Better Late Than Never – A Review of Going Under
After the screening of Going Under the director comes out to talk to the audience. He’s a psychoanalyst, when he’s not making films. He says his opinion, from working with many clients, is that childhood trauma manifests itself in adult sexual life. Masochism is rage turned inward, rage that would normally be released into the environment. The masochists pent up energy has become eroticized. Implicit is that masochists did not have healthy childhoods.
“Do you think I’m full of rage,” I ask my friend at breakfast the next day. I’m eating corned beef hash and we’re going to see a movie called The Lake House where Keanu Reeves dies in a car accident in front of Daley Plaza and Sandra Bullock can’t save him.

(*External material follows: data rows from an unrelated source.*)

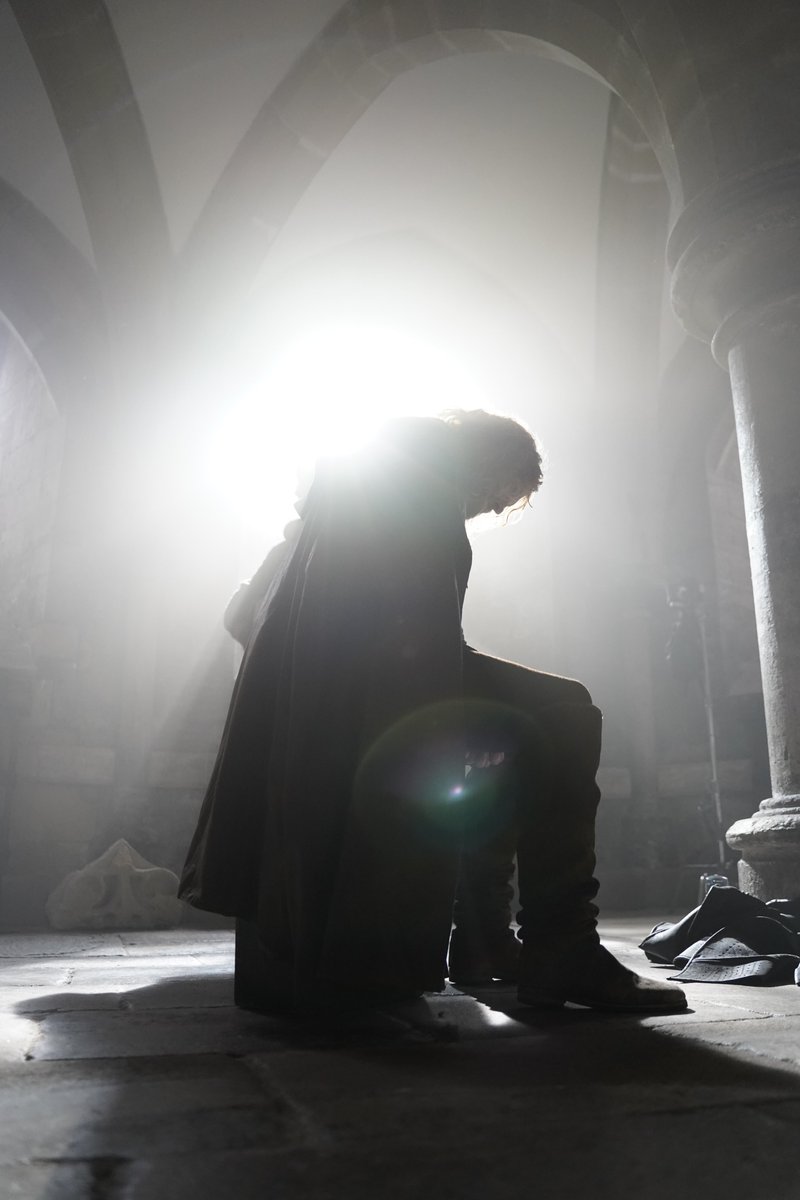 AMCPlus's tweet image. Darkness is falling. An all-new episode of #ADiscoveryOfWitches comes to AMC+ tomorrow.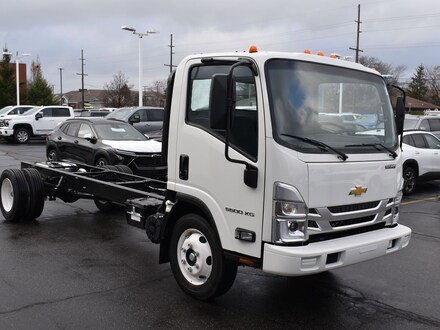 2025 Chevrolet Low Cab Forward 5500 XG 2WD Reg Cab 176 Truck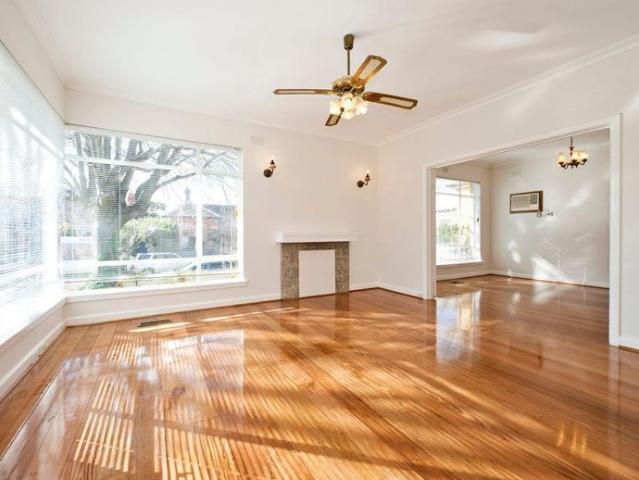 Spacious & Versatile Villa Unit in a Convenient Location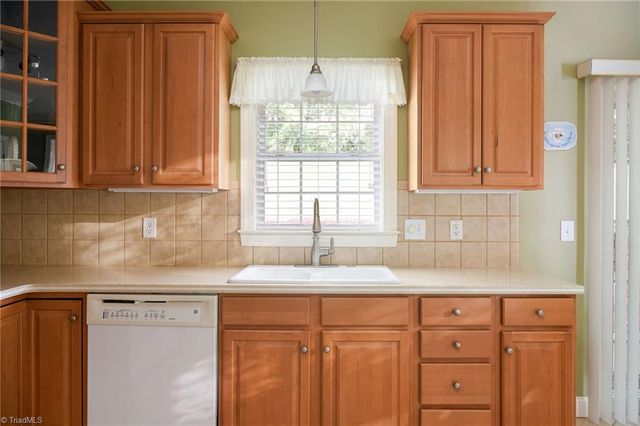 1024 Prestwick Court, Clemmons, NC 27012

“No,” she says. “Yes,” she says, changing her mind. “You are full of rage.”
The Lake House, as expected, is one of the worst films ever made. But my friend wanted to see it and she lets me stay at her house when I’m in New York so I really didn’t have any choice.
I keep thinking about Going Under. There are great films about masochism and submission, but they almost always revolve around women or children, like Belle de Jour or Moonlight Whispers. Most others are just art film porn, lurid posters with subtitles and nothing to say. Porn for people that don’t want to watch porn or don’t want to admit to it. But there are very few films that take seriously male submission, fewer still with a straight male protagonist.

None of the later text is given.